BEGIN
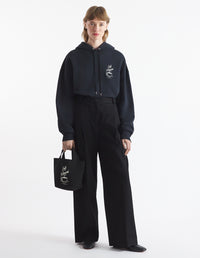 Café Kitsuné Coffee Cup Hoodie - Black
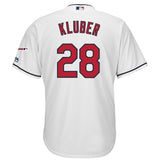 Corey Kluber #28 Cleveland Indians Cool Base Player Jersey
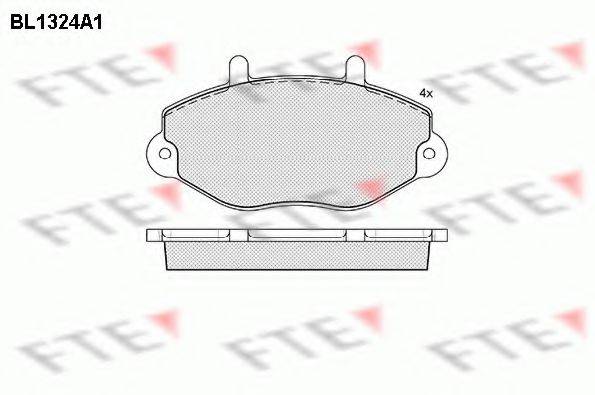 FTE BL1324A1 Комплект тормозных колодок, дисковый тормоз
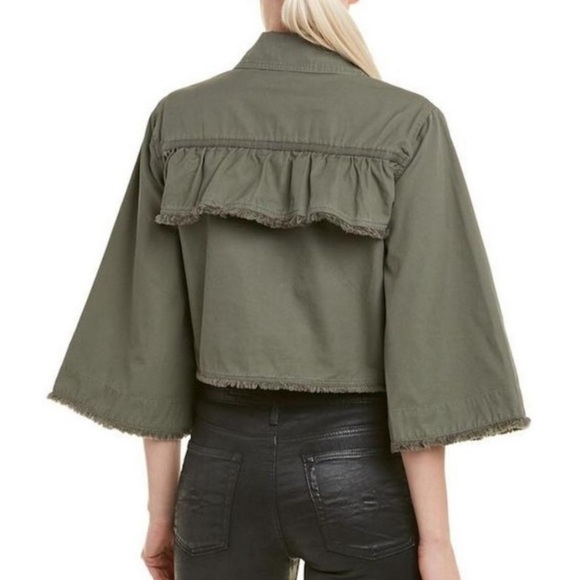 Jack by BB Dakota cropped button down jacket - Picture 2 of 8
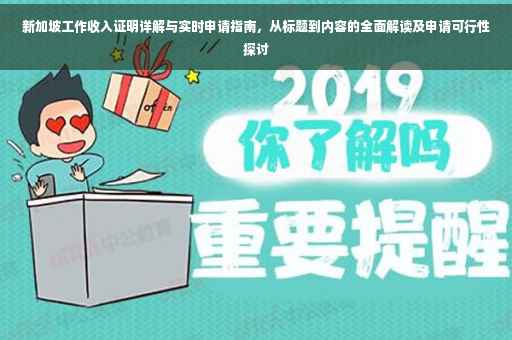 新加坡工作收入证明详解与实时申请指南，从标题到内容的全面解读及申请可行性探讨
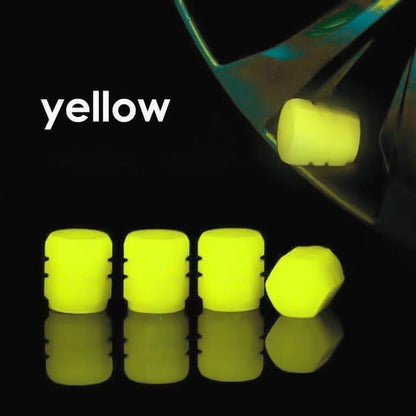 TAPAS DE VÁLVULA DE NEUMÁTICOS FLUORESCENTES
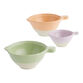 Joana Small Pastel Ceramic Nesting Prep Bowls 3 Piece Set image number 0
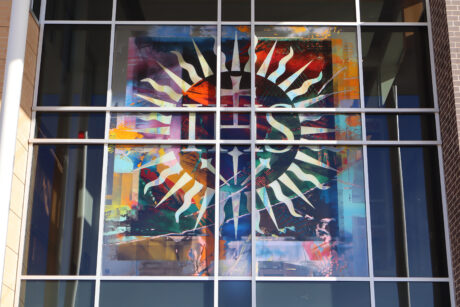 Chapel window from exterior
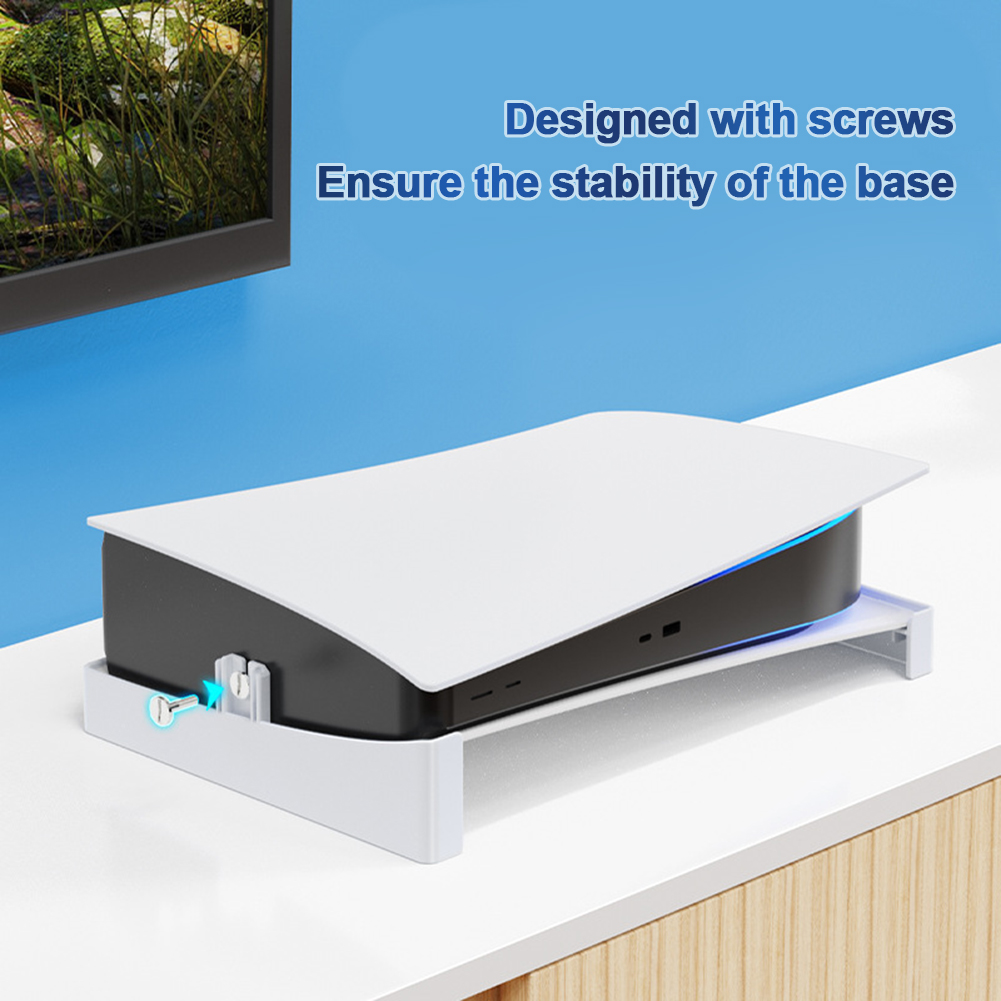 Präsentationsständer-set für spiele-discs (  ps5 cd-- rom/digital/optische version) mit rutschfester, horizontaler basishalterung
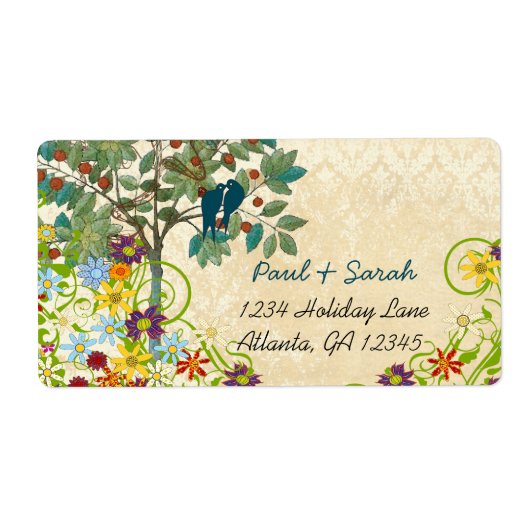  vogelkooi Damask Gold Bird Cage Etiket (Voorkant)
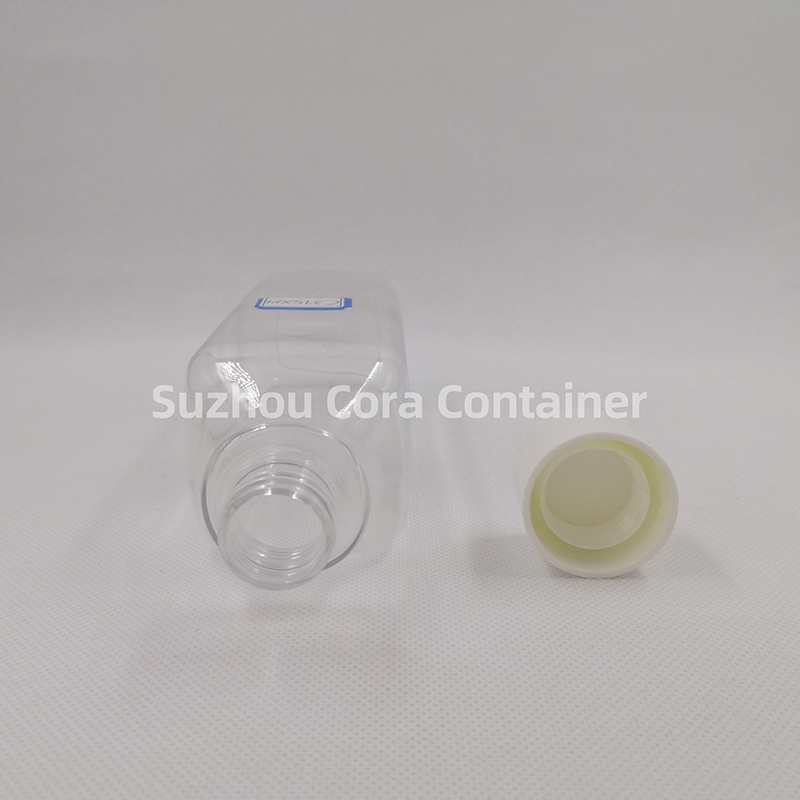 375ml Kaela suurus 24mm Lemmiklooma plastne kosmeetiline pudel kruvikorgiga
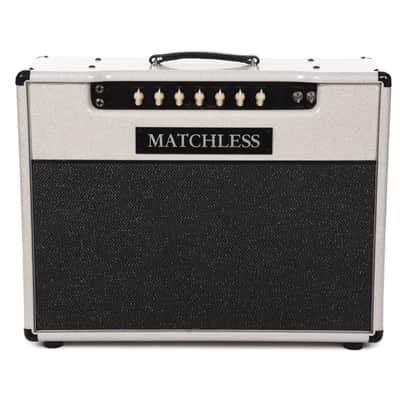 Matchless Chieftain Reverb 40W 2x12" Combo Sparkle Cream w/ Silver Grill image 1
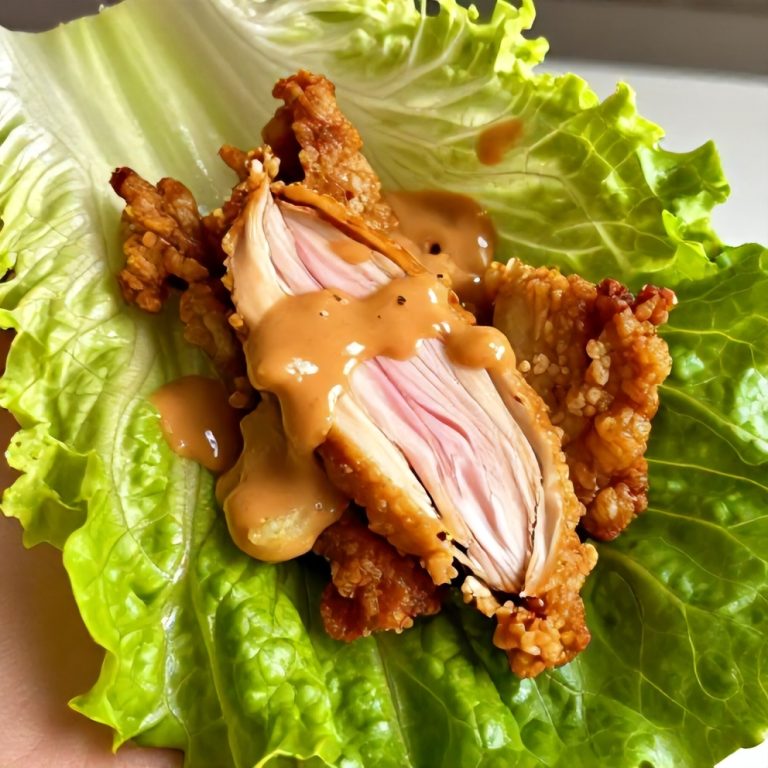 Quick Chicken Lettuce Wraps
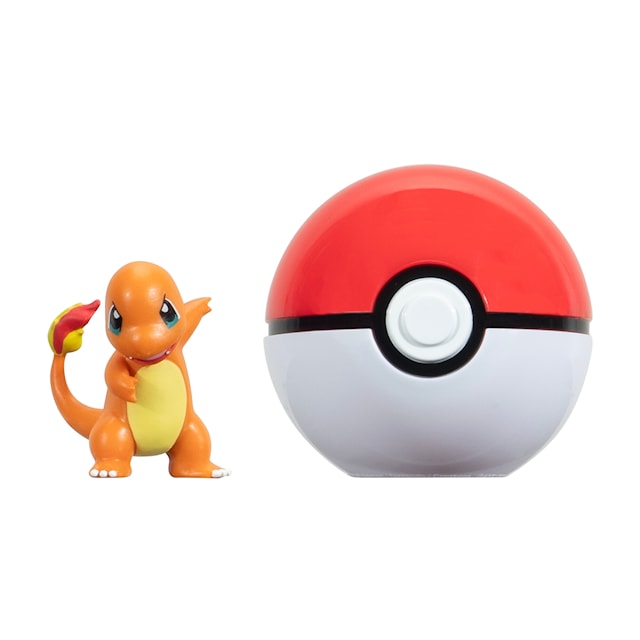 Produktbild 1 för Pokemon Clip N Go Charmander With Poke Ball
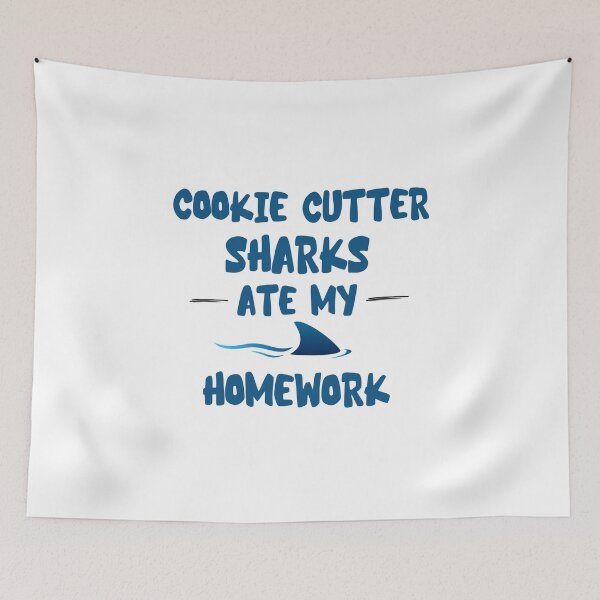 Item preview, cookie cutter sharks ate my homework tee tshirt t-shirt gift designed and sold by SellingStuff91.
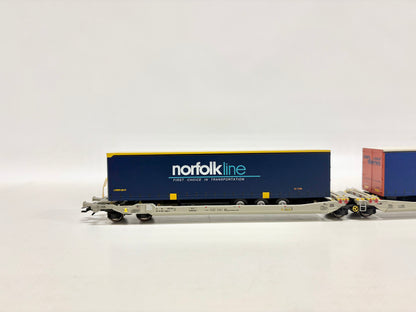 Rocky Rail RR90310 Taschenwagen mit LKW-Auflieger DB AC H0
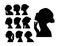 Woman Face Silhouette, art vector design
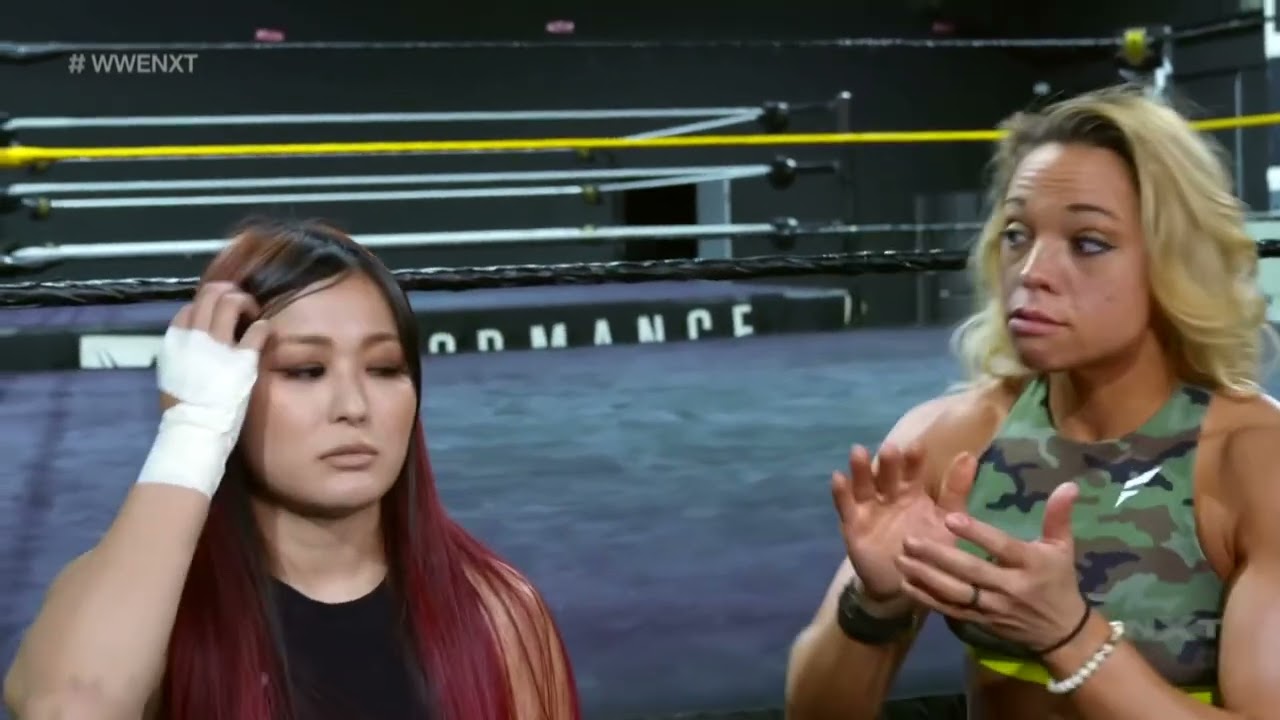 Zoey Stark tries to get on same page with Io Shirai: NXT, July 27, 2021 background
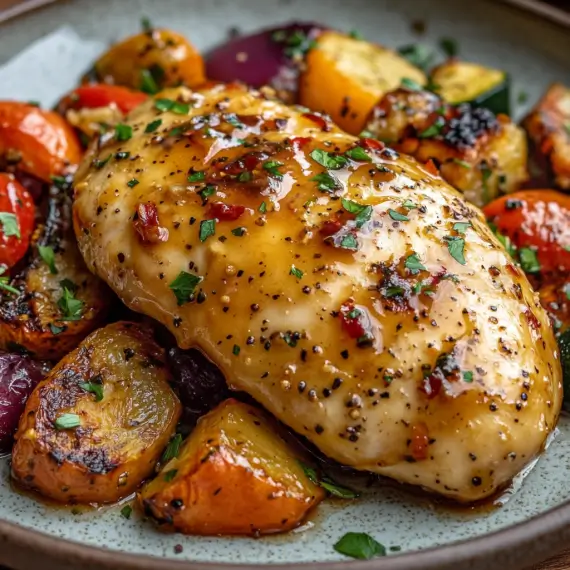Sweet and Savory Honey Mustard Chicken Breast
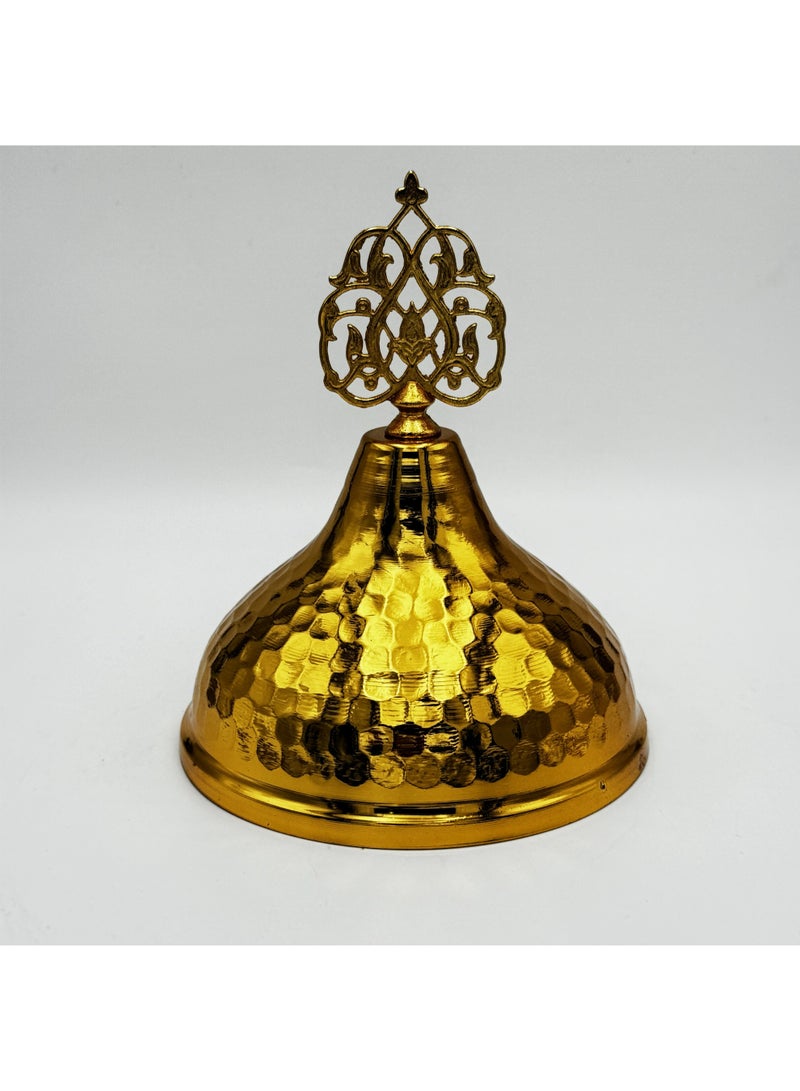 Handmade Gold-Colored Copper Rice Serving Pot with Lid – Premium Quality, Made in Turkey  - Image 3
END
EXERCISE →
The range runs from the line containing "Quick Chicken Lettuce Wraps" through the end of the entries; print those lines exactly and leave the pictures out.

RESPONSE TO THE EXERCISE →
 Quick Chicken Lettuce Wraps
 Produktbild 1 för Pokemon Clip N Go Charmander With Poke Ball
 Item preview, cookie cutter sharks ate my homework tee tshirt t-shirt gift designed and sold by SellingStuff91.
 Rocky Rail RR90310 Taschenwagen mit LKW-Auflieger DB AC H0
 Woman Face Silhouette, art vector design
 Zoey Stark tries to get on same page with Io Shirai: NXT, July 27, 2021 background
Sweet and Savory Honey Mustard Chicken Breast
 Handmade Gold-Colored Copper Rice Serving Pot with Lid – Premium Quality, Made in Turkey  - Image 3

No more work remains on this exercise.